Anaerobic exercise uses energy stores within the muscle cells to power physical activity. The cardiovascular system is normally unable to keep up with the demands of the working muscles, so most of the energy metabolism powering the cell is performed in the absence of oxygen. During the process, lactic acid is produced as a byproduct, accumulating on the cell and lowering the pH and, in turn, the efficiency of energy production. When lactic acid concentration reaches a critical point, the muscle cells are no longer able to produce enough energy to contract, resulting in muscle failure. This point is called the anaerobic threshold.
Interval training promotes anaerobic endurance by increasing muscular stores of adenosine triphospahte, glycogen, and phosphocreatine, each of which is involved in anaerobic metabolism. Additionally, muscle cells adapt to interval training by increasing buffering capacity, which enhances the cell's ability to manage lactic acid. These adaptations increase the muscle's ability to work at a high intensity for an extended period of time.
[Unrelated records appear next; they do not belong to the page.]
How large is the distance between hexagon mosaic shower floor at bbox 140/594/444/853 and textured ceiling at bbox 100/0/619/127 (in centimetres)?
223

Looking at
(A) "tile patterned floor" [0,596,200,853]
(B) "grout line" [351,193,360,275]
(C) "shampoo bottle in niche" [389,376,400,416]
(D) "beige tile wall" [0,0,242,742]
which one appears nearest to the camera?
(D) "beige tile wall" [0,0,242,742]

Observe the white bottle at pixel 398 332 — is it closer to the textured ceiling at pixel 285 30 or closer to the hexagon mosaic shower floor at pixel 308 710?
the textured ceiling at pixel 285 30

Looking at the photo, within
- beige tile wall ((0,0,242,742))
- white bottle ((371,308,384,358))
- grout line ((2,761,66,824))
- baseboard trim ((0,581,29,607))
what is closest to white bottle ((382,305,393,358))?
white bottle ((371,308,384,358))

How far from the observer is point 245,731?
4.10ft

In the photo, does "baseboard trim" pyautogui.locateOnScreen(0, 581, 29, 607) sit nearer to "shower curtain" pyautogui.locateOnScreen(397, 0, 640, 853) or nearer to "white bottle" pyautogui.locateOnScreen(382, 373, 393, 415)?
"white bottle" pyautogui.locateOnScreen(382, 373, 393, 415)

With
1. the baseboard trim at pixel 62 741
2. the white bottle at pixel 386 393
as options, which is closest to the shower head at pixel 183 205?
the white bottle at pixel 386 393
Exercise intensity can be determined by monitoring heart rate. Maximum heart rate is calculated by subtracting the athlete's age from 220. Target intensity is then expressed as a percentage of the maximum heart rate. Anaerobic training typically requires working at an intensity of about 80 to 90% of this number, and interval training to increase anaerobic endurance usually involves the higher end of this range.
To add interval training to a workout, an athlete should begin by performing a light warm-up of 10 to 15 minutes, to increase blood flow to the involved muscles. The first high-intensity interval should last about one minute, and be followed by a cool-down period wherein the heart rate falls to 120 beats per minute or lower. A full workout will normally include about six intervals, adjusting as needed, depending on personal preferences and fitness levels. As anaerobic endurance increases, the muscles will become more efficient at coping with lactic acid, and less time will be needed for recovery.
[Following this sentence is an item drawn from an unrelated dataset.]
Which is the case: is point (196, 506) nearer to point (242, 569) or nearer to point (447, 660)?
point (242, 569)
Runners use a variation on standard interval training to increase anaerobic endurance, speed, and power. Fartlek training involves random intervals, usually while running on a path or roadway. The interval begins when the mood hits, ends when the runner is sufficiently exhausted, and training continues for as long or as short a period as is desired. Fartlek training is often praised as being more fun and spontaneous than standard interval training, and is especially enjoyable when performed with a running partner.
I'm not sure if this is true, but I remember reading about heart rate monitors not being accurate enough for interval training. Something about detection on these devices don't accurately predict true HR drops and instead are more accurate in steady state type exercise. Some even say that perceived excretion may be better for intervals.